The legislation and order are a result of a bid in 2006 by United Arabs Emirates-based Dubai Ports World to take over operation of six U.S. ports.

CFIUS approved the purchase but it later was canceled under pressure from Congress over concerns that terrorists might infiltrate U.S. ports through the company. Critics questioned the deal because two of the September 11, 2001, hijackers were UAE nationals, and the Persian Gulf state was used as a financial base for al Qaeda.

Rep.

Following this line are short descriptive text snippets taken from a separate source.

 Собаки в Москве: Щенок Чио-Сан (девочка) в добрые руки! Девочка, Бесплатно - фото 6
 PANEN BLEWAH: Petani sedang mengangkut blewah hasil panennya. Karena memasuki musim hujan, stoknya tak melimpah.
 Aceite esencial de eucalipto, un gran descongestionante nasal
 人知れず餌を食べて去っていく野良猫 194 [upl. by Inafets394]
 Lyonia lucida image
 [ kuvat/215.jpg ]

Carolyn B. Maloney, New York Democrat and a key sponsor of the CFIUS-reform law, called the new order a positive step.

“I remain confident that the Treasury Department intends to follow the law as I wrote it, and have received assurances that the department is already adhering to the new reforms,” she said.

The order outlines more clearly the role of the director of national intelligence (DNI) in providing CFIUS with threat assessments posed by a foreign purchase and adds a requirement for the DNI to assess “potential consequences” of a foreign deal involving a U.S. company.

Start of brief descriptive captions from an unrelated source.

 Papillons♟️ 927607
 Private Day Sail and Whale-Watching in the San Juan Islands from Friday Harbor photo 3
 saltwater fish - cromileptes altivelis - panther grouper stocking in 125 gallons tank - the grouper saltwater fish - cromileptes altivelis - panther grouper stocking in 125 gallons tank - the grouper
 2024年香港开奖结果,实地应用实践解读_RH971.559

However, a comparison of the new order with a draft order from October — which was opposed by U.S. national security officials — shows that CFIUS will continue to be dominated by pro-business elements of the government.

As late as last month, national security officials from the Homeland Security, Justice and Defense departments expressed concern the order was being co-opted by pro-business officials at Treasury, Commerce and other trade agencies.

A memorandum from the three national security agencies obtained by The Washington Times called for tightening the draft order’s national security provisions to “accurately reflect pro-security interests.”

The final order released by the White House yesterday removed a provision that would have required the committee to “monitor the effects of foreign investment in the United States.”

One new authority in the order is a provision strengthening so-called “mitigation agreements” between companies. The agreements are designed to reduce the national security risks as a condition for committee or presidential approval.

The order states that companies involved in a U.S.-foreign transaction “in extraordinary circumstances” can be required to state they will comply with a mitigation agreement.

CFIUS currently is reviewing a proposed merger between the telecommunications equipment manufacturer 3Com and China’s Huawei Technology, a company linked in the past to illegal international activities, including violations of U.N. sanctions on Iraq and industrial espionage against U.S. and Japanese firms.

U.S. officials said a review by the DNI’s office determined the Huawei purchase, through the Boston-based Bain Capital Partners, would undermine U.S. national security.

3Com manufacturers computer intrusion-detection equipment used by the Pentagon, whose networks are a frequent target of Chinese military computer attacks.

Treasury Secretary Henry M. Paulson Jr. recused himself from CFIUS’ 3Com-Huawei review because his former company, Goldman Sachs, is a paid adviser to 3Com.